* **Entries shown**
--------------------

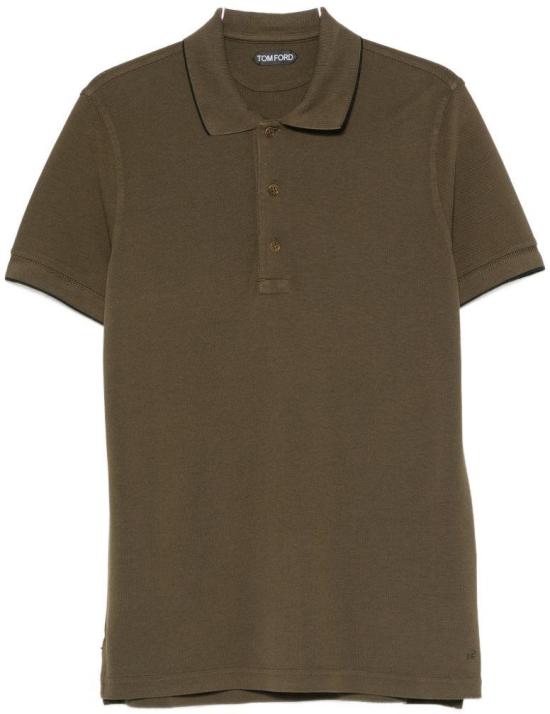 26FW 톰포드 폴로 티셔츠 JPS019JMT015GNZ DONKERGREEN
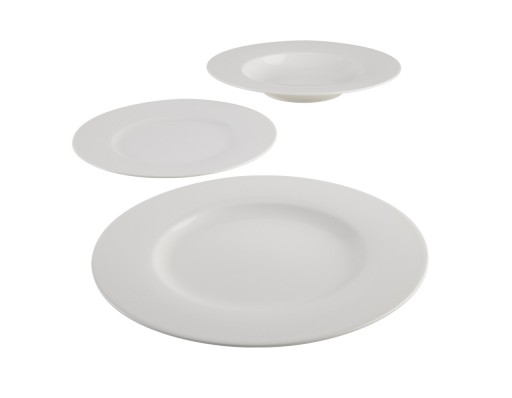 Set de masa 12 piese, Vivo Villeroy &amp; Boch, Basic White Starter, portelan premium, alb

--------------------

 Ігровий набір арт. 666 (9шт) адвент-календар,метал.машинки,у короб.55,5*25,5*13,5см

--------------------

* **What you will do**
Retype the lines above exactly as they appear, from the line containing "26FW 톰포드 폴로 티셔츠 JPS019JMT015GNZ DONKERGREEN" through the line containing "Set de masa", and leave out any pictures.

* **Output of the exercise**
 26FW 톰포드 폴로 티셔츠 JPS019JMT015GNZ DONKERGREEN
 Set de masa 12 piese, Vivo Villeroy &amp; Boch, Basic White Starter, portelan premium, alb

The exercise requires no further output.